A veces es mejor no ahondar en las biografías de nuestros autores favoritos: generalmente, tienden a decepcionarnos. Al leer una obra maestra, tendemos a idealizar al creador, olvidándonos de que el creador es también un experto fabular. Otras veces, sin embargo, el autor es justo lo que esperamos.
Por ejemplo, J. R. R. Tolkien, mítico autor de El señor de los anillos, que nos empujado a visitar Hobbiton, en Nueva Zelanda, e incluso ciudades como Gondar, una suerte de Camelot medieval en el que, al parecer, se inspiró para concebir Gondor). Y también ha propiciado que tuviéramos una idea sobre el autor. Que posiblemente era un hobbit, como él mismo aseguraba.
De hecho, el propio Tolkien se identifica con el carácter de Bilbo Bolsón. Y si nos imaginamos a Tolkien, no nos viene a la cabeza Aragorn, precisamente, sino alguien adaptado a los viejos tiempos, tranquilo, pacífico, de costumbres intelectuales, lejos del mundanal ruido. Y justo así era Tolkien, de hecho.
Tolkien era un ludita consumado. Despreciaba el siglo XX. Adoraba el old fashion. Aseguraba que la ciencia o la tecnología no habían contribuido a mejorar a la humanidad. Tolkien no tenía televisión, y casi nunca escuchaba la radio. Era apolítico. No leía literatura de su época.

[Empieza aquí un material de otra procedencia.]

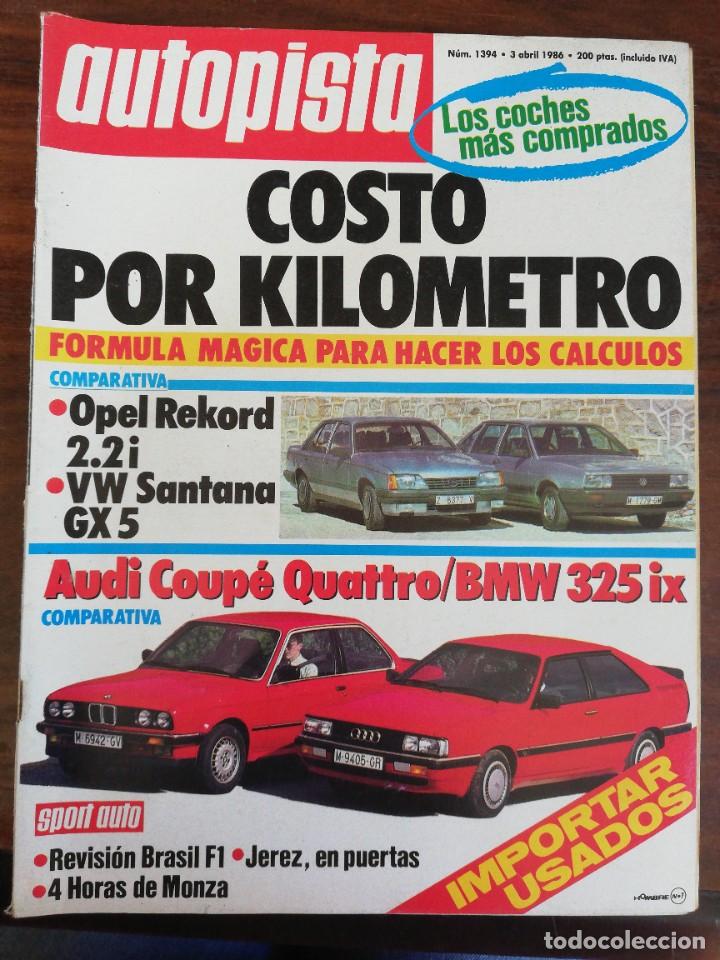 AUTOPISTA Nº 1394 - ABRIL 1986 - AUDI COUPE QUATTRO / BMW 325 IX / OPEL REKORD 2.2I / VW SANTANA GX5 (Coches y Motocicletas Antiguas y Clásicas - Revistas de Coches)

Tolkien probablemente soñaba con atravesar el espejo para abandonar el mundo e instalarse en plena Tierra Media. Tal y como explica Gregorio Ugidos en Chiripas de la historia:
Tolkien no tardó en fundar un grupo de lectura de textos islandeses al que llamó los Coalbiters, que en islandés significa “los que se acercan tanto al fuego que muerden el carbón”. Era una excusa para compartir unas jarras de cerveza y olvidarse del mundo; pero como las sagas islandesas no son interminables, cuando las leyeron todas, el grupo se disolvió.